Re: [PATCH] mm/vmstat: Reduce zone lock hold time when reading /proc/pagetypeinfo

From: Mel Gorman
Date: Wed Oct 23 2019 - 04:31:51 EST


On Tue, Oct 22, 2019 at 06:57:45PM +0200, Michal Hocko wrote:
> [Cc Mel]
>
> On Tue 22-10-19 12:21:56, Waiman Long wrote:
> > The pagetypeinfo_showfree_print() function prints out the number of
> > free blocks for each of the page orders and migrate types. The current
> > code just iterates the each of the free lists to get counts. There are
> > bug reports about hard lockup panics when reading the /proc/pagetyeinfo
> > file just because it look too long to iterate all the free lists within
> > a zone while holing the zone lock with irq disabled.
> >
> > Given the fact that /proc/pagetypeinfo is readable by all, the possiblity
> > of crashing a system by the simple act of reading /proc/pagetypeinfo
> > by any user is a security problem that needs to be addressed.
>
> Should we make the file 0400? It is a useful thing when debugging but
> not something regular users would really need for life.
>

I think this would be useful in general. The information is not that
useful outside of debugging. Even then it's only useful when trying to
get a handle on why a path like compaction is taking too long.

> > There is a free_area structure associated with each page order. There
> > is also a nr_free count within the free_area for all the different
> > migration types combined. Tracking the number of free list entries
> > for each migration type will probably add some overhead to the fast
> > paths like moving pages from one migration type to another which may
> > not be desirable.
>
> Have you tried to measure that overhead?
>

I would prefer this option not be taken. It would increase the cost of
watermark calculations which is a relatively fast path.
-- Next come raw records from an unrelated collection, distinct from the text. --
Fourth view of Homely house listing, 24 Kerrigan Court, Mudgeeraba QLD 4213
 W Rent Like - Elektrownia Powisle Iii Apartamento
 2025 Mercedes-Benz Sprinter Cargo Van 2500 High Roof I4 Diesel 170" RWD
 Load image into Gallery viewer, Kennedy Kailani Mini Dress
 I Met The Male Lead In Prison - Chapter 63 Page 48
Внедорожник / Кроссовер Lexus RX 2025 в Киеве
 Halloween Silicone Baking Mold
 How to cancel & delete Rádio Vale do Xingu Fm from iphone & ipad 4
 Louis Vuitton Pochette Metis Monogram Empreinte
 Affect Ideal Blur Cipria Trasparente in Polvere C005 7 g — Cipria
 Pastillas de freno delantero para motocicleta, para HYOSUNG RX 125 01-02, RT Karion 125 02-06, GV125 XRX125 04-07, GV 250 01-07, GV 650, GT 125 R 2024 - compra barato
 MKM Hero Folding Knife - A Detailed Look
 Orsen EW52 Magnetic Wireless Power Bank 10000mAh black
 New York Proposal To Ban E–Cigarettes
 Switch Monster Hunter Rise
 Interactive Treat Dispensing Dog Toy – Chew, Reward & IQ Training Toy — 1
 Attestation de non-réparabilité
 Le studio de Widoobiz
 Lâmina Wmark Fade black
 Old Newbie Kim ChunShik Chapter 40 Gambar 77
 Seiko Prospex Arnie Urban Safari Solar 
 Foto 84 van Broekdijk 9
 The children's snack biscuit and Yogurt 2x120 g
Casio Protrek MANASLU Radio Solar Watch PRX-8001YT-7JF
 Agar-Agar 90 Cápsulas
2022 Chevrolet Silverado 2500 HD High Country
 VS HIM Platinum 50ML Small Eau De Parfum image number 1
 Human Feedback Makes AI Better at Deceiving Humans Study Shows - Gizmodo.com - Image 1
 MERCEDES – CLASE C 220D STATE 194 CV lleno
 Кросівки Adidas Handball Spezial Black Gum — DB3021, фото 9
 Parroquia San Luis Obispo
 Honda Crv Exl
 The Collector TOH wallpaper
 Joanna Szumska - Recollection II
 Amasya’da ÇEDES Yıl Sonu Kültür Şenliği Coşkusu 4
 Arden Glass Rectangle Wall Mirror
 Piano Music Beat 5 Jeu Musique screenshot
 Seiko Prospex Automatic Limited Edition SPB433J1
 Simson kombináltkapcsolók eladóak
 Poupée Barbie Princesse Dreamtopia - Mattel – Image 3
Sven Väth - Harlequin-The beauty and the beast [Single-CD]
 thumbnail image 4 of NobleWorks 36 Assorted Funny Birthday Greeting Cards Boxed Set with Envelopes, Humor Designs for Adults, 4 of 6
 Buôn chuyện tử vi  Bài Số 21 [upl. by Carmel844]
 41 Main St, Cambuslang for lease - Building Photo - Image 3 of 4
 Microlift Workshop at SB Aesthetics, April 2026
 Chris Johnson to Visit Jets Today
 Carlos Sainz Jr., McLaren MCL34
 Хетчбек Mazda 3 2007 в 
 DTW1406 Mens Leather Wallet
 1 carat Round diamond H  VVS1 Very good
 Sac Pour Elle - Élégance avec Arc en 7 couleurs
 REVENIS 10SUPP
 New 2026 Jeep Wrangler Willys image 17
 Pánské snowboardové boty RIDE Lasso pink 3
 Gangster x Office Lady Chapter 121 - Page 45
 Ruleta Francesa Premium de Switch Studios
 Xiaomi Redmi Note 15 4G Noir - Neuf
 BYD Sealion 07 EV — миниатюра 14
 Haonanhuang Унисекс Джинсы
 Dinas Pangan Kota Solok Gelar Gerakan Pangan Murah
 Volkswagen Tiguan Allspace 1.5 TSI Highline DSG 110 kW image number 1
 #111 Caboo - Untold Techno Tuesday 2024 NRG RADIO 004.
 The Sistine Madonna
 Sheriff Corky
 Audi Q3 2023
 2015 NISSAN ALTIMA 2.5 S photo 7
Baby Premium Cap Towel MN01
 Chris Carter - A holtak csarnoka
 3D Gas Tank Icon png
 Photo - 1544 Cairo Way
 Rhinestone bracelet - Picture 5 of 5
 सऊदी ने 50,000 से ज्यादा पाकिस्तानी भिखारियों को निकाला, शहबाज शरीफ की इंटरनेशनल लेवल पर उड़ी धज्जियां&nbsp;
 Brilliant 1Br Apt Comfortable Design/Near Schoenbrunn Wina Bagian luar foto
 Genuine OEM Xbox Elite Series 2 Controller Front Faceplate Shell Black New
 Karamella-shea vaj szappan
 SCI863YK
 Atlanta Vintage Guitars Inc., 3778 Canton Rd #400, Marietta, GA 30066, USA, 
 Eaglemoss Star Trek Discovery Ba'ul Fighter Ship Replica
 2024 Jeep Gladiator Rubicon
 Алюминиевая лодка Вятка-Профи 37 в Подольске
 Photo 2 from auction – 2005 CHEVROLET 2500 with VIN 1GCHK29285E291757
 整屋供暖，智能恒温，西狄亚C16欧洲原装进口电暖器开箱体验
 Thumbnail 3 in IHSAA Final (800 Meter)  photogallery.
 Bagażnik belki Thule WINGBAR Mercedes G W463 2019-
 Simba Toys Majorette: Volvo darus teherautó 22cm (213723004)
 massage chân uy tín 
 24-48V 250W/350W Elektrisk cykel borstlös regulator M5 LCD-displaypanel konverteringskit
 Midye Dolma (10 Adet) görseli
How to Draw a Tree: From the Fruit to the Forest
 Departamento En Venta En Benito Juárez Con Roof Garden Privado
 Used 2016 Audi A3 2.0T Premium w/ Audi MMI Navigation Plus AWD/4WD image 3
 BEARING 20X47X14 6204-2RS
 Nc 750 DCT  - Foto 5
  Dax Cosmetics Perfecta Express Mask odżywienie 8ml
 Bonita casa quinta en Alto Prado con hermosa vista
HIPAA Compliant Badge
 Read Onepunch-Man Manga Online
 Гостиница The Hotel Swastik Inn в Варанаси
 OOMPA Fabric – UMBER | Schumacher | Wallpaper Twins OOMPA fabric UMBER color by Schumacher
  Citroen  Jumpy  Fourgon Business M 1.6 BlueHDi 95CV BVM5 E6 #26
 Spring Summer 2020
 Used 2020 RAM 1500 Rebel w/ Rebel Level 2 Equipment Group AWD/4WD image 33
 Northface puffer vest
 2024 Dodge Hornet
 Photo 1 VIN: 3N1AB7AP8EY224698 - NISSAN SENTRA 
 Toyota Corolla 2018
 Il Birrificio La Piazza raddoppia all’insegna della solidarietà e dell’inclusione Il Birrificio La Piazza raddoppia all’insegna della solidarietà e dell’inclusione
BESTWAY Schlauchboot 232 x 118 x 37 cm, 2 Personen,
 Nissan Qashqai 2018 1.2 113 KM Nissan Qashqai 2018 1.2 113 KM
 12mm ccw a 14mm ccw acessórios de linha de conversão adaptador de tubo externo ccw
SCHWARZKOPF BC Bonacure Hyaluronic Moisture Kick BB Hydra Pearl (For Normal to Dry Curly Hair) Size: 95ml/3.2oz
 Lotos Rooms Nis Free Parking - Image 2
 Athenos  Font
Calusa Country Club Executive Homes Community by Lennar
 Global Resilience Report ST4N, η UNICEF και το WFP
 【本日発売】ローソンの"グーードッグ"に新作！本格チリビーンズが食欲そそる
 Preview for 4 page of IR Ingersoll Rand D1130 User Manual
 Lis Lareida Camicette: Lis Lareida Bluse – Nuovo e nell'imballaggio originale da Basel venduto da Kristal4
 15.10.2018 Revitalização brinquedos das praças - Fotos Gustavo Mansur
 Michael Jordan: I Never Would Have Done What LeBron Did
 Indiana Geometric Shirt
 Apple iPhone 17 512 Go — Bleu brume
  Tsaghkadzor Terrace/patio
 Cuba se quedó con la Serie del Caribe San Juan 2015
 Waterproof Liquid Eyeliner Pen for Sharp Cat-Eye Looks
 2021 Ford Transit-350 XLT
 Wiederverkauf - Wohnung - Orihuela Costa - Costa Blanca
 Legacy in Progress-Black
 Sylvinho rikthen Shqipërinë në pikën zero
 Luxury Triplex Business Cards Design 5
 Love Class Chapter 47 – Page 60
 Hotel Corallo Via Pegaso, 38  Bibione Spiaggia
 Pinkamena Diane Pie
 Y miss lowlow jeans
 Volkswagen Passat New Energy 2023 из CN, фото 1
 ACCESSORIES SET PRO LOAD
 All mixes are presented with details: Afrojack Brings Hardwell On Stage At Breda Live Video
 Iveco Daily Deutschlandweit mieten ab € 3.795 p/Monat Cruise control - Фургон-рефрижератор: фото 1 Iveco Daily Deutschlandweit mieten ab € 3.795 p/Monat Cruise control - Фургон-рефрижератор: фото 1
> > we can actually skip iterating the list of one of the migration types
> > and used nr_free to compute the missing count. Since MIGRATE_MOVABLE
> > is usually the largest one on large memory systems, this is the one
> > to be skipped. Since the printing order is migration-type => order, we
> > will have to store the counts in an internal 2D array before printing
> > them out.
> >
> > Even by skipping the MIGRATE_MOVABLE pages, we may still be holding the
> > zone lock for too long blocking out other zone lock waiters from being
> > run. This can be problematic for systems with large amount of memory.
> > So a check is added to temporarily release the lock and reschedule if
> > more than 64k of list entries have been iterated for each order. With
> > a MAX_ORDER of 11, the worst case will be iterating about 700k of list
> > entries before releasing the lock.
>
> But you are still iterating through the whole free_list at once so if it
> gets really large then this is still possible. I think it would be
> preferable to use per migratetype nr_free if it doesn't cause any
> regressions.
>

I think it will. The patch as it is contains the overhead within the
reader of the pagetypeinfo proc file which is a non-critical path. The
page allocator paths on the other hand is very important.

--
Mel Gorman
SUSE Labs